Work request → Which lines hold the string "Samsung"? Copy each of them from the material below.

Provided records →

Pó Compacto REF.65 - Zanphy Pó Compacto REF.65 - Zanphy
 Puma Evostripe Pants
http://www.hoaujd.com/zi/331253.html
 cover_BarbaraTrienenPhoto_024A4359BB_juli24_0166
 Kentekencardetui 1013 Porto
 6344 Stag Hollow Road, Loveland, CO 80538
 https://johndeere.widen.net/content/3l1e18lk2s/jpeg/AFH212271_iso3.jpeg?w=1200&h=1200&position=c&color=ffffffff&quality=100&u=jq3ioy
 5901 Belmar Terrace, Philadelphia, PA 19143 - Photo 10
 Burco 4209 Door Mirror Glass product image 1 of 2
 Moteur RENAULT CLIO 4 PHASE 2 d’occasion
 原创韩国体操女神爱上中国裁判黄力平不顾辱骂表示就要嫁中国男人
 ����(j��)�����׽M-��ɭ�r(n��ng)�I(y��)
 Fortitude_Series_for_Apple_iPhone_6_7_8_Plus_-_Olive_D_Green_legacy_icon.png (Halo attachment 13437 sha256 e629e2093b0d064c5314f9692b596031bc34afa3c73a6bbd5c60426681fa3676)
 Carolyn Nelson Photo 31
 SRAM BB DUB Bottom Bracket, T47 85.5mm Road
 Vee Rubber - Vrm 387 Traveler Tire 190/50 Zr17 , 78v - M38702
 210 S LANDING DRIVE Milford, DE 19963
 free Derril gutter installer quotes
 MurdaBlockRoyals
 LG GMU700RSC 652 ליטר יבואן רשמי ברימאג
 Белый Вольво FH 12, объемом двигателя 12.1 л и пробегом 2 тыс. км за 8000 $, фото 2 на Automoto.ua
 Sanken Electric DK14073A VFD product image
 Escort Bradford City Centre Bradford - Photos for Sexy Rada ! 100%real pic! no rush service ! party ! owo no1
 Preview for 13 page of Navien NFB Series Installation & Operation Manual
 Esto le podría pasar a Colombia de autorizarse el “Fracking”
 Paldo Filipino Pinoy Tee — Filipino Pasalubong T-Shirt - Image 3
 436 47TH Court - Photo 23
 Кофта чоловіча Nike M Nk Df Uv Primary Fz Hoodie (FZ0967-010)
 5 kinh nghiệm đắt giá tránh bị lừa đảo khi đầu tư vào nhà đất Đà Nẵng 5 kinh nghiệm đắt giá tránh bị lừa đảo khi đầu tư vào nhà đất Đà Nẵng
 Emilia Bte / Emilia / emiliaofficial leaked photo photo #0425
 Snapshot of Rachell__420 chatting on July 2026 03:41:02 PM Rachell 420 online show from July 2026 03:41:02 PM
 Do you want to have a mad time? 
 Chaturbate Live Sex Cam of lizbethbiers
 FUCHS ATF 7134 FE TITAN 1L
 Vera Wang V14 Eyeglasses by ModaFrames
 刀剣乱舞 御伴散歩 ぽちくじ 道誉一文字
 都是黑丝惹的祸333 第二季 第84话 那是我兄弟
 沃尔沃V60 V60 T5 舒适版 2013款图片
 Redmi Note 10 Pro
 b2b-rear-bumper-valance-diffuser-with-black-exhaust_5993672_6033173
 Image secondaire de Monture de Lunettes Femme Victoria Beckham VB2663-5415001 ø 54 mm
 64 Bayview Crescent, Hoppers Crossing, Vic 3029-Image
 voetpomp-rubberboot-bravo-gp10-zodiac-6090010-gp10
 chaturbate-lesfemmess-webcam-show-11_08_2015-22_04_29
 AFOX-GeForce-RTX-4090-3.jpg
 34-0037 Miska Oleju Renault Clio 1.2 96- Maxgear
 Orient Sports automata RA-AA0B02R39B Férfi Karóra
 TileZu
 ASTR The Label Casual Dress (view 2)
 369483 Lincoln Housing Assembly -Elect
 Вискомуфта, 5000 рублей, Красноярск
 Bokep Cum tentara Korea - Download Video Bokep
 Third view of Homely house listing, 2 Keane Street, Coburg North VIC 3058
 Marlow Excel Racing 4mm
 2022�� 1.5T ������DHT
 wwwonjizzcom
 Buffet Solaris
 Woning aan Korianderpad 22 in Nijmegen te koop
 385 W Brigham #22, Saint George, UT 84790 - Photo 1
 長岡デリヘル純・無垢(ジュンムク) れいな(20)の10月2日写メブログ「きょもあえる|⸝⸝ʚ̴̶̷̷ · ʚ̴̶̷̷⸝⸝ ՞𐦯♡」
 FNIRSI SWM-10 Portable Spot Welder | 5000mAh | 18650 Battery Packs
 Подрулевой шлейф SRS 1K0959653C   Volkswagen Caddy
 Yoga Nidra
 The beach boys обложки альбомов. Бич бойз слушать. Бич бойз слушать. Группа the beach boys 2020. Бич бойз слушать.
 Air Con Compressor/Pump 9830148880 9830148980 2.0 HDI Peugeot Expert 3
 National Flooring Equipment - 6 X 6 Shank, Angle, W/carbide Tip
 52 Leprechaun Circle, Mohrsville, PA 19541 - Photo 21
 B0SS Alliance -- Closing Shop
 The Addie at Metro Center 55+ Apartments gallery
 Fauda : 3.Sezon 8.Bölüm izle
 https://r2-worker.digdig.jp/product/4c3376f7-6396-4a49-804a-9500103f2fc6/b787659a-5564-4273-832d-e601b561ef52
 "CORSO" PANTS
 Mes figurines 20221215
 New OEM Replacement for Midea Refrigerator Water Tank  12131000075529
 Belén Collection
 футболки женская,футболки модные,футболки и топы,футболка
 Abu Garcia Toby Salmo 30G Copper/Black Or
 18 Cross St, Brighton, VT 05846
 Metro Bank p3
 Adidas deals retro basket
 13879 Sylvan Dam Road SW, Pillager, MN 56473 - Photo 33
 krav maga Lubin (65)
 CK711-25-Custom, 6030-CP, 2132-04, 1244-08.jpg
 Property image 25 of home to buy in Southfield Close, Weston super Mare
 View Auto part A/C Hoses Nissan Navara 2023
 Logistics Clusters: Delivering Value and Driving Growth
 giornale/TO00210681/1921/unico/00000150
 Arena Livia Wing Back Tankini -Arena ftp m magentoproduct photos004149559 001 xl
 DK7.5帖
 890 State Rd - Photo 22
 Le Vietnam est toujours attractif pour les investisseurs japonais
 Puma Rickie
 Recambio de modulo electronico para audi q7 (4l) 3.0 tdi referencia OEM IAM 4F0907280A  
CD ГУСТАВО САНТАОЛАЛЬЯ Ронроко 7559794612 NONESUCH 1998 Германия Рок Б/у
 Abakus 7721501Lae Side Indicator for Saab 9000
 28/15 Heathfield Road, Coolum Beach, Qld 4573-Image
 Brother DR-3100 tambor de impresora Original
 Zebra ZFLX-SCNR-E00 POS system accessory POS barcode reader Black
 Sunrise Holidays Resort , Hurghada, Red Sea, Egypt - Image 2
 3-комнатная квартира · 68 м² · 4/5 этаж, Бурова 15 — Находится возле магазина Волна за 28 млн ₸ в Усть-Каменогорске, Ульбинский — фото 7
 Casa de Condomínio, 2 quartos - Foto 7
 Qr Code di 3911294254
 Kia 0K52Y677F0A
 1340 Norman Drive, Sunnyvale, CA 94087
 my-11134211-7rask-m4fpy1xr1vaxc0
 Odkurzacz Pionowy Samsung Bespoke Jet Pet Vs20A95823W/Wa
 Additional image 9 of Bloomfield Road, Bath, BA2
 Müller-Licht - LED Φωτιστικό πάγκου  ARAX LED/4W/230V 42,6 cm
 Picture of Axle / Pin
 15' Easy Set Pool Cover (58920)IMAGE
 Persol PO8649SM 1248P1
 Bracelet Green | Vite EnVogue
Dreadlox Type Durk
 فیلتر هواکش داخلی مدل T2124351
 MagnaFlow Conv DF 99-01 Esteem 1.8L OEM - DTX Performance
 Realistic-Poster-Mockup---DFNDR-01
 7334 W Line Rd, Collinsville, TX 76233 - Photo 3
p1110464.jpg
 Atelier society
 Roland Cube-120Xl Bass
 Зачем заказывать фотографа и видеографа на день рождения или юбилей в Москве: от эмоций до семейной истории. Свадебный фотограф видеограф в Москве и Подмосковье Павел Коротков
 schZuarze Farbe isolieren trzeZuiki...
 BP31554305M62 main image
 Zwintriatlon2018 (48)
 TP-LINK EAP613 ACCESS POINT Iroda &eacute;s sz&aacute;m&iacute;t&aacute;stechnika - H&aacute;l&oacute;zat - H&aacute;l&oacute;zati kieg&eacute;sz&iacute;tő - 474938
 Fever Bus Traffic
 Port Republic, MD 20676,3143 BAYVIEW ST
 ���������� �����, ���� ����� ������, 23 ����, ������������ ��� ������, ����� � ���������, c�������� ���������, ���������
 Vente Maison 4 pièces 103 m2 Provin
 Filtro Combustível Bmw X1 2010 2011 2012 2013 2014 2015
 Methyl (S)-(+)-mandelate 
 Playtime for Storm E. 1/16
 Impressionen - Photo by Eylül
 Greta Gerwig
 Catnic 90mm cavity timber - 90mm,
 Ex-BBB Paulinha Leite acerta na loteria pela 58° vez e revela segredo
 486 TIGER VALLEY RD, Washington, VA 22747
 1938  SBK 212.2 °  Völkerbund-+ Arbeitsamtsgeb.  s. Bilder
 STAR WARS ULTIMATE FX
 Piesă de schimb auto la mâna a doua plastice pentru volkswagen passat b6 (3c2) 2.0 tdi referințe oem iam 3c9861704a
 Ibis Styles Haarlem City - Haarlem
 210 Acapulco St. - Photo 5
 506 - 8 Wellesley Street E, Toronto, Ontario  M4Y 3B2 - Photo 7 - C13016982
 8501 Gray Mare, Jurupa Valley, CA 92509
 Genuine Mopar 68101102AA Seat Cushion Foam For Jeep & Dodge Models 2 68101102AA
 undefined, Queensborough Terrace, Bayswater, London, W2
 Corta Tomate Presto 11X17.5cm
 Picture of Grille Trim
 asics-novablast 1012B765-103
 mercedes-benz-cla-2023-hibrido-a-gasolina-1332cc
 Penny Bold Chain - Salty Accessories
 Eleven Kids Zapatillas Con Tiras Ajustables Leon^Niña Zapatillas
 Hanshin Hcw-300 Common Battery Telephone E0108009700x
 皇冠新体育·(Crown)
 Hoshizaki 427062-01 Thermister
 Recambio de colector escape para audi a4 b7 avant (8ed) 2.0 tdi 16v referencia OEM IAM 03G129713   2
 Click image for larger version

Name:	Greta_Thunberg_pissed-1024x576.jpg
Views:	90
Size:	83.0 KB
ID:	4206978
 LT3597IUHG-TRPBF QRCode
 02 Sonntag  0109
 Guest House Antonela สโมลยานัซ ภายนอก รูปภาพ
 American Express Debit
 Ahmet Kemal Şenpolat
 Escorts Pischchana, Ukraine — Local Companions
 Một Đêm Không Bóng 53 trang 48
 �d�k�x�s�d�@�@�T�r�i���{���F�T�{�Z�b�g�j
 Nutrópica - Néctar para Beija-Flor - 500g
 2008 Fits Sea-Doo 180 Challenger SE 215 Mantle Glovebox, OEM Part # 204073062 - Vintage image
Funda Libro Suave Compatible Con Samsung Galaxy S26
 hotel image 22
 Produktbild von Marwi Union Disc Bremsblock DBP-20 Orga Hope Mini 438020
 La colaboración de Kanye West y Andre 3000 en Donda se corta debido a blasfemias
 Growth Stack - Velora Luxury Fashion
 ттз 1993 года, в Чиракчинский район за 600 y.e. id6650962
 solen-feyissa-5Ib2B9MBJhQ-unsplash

Exercise solution →
 Odkurzacz Pionowy Samsung Bespoke Jet Pet Vs20A95823W/Wa
Funda Libro Suave Compatible Con Samsung Galaxy S26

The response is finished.